Las Abasfans cuentan cómo fue infiltrarse en un acto de Vox en Vistalegre

Hace poco más de un mes, cuando todavía estábamos digiriendo que se nos iba a llamar a votar en las segundas elecciones generales del año, Vox convocó un maxi-mitin en el Palacio de Vistalegre con el rimbombante nombre de “Plus Ultra”. Tres miembras del comando Madrid asistimos al evento para hacerlo escenario de un acto ultrarracional caracterizadas como las Abasfans, experiencia que nos causó un impacto emocional tan grande que hemos necesitado todo este tiempo para poder compartir con ustedes esta crónica.

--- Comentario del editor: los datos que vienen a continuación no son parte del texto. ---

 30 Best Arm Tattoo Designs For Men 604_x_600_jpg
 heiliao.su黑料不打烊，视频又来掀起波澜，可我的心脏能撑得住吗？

Una vez asegurado nuestro acceso al evento (no es la primera vez que intentamos infiltrarnos en un acto de Vox, pero hasta ahora nunca lo habíamos conseguido porque las entradas se agotan enseguida), nos faltaba decidir qué forma iba a tomar nuestro acto ultrarracional. Tras una infructuosa sesión de brainstorming de varias horas, donde descartamos arriesgadas ideas como acudir al evento a reivindicar la Guardia Mora de Franco, constatamos que trolear a Vox es muy difícil: todas las cosas ridículas que se nos ocurrían ya las ha hecho Vox de forma no irónica. Vox es un partido ya de por sí extremadamente ultrarracional. No por nada el brazo filosófico de Homo Velamine se ha cuestionado si lo que realmente deberíamos hacer es entregarles nuestro voto. Pero ese es otro asunto.

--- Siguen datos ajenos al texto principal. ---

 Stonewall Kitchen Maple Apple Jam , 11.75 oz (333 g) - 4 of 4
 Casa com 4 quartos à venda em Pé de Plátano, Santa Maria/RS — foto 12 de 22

Finalmente nos decantamos por dos valores seguros, que al combinarse ofrecían posibilidades que aún no éramos capaces ni siquiera de imaginar, pobres de nosotras: la bandera española y la cosificación de la mujer. Las lectoras familiarizadas con los actos ultrarracionales sabrán que en el pasado ya nos hemos acompañado de la rojigualda para acudir a concentraciones de aquellos que la veneran, que la odian, y a quienes les confunde profundamente. De la cosificación de la mujer, qué les vamos a contar que ustedes no sepan ya.

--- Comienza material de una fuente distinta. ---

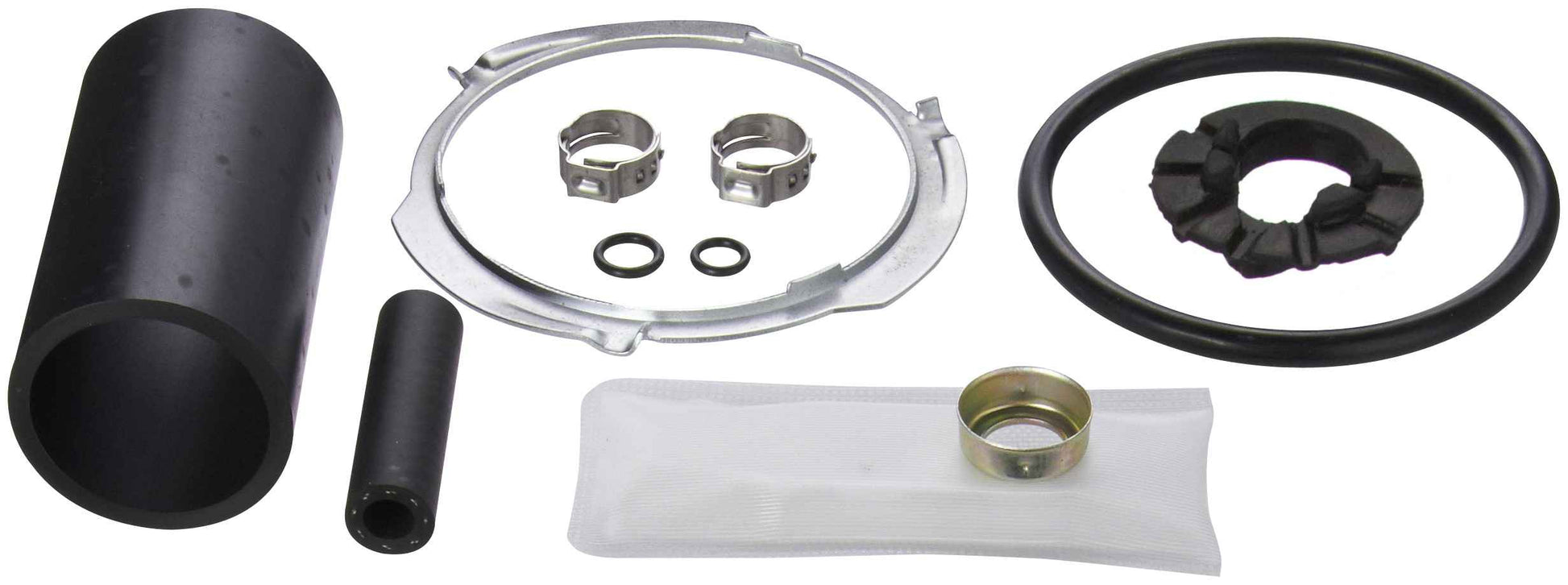 Spectra Fuel FG12K product image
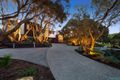 Property photo of 24 Rolls Court Rye VIC 3941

Así que nos hicimos con tres vestidos de la bandera de España, sabiendo que, según en qué circunstancias los llevásemos puestos, iban a hacer de nuestras carnes símbolo de una cosa o de la contraria, pero con los que nunca íbamos a dejar a nadie indiferente.

Otras opciones de vestuario que descartamos.

Para asegurarnos de la infalibilidad de nuestro atuendo, la noche antes del evento hicimos una pequeña prueba y nos dejamos ver unos minutos con el vestido por los pasillos de La Ingobernable, centro social autogestionado que frecuenta(mos) lo más granado de la izquierda ecofeminista anticapitalista de Madrid. La respuesta no se hizo esperar. Un par de miradas de espanto y alguien ya nos estaba increpando: “¿Qué te pasa, eres errejonista?”. El vestidito rojigualdo funcionaba. Si en La Ingobernable reaccionaban así, sin duda estaríamos a salvo al día siguiente entre adictos a la bandera.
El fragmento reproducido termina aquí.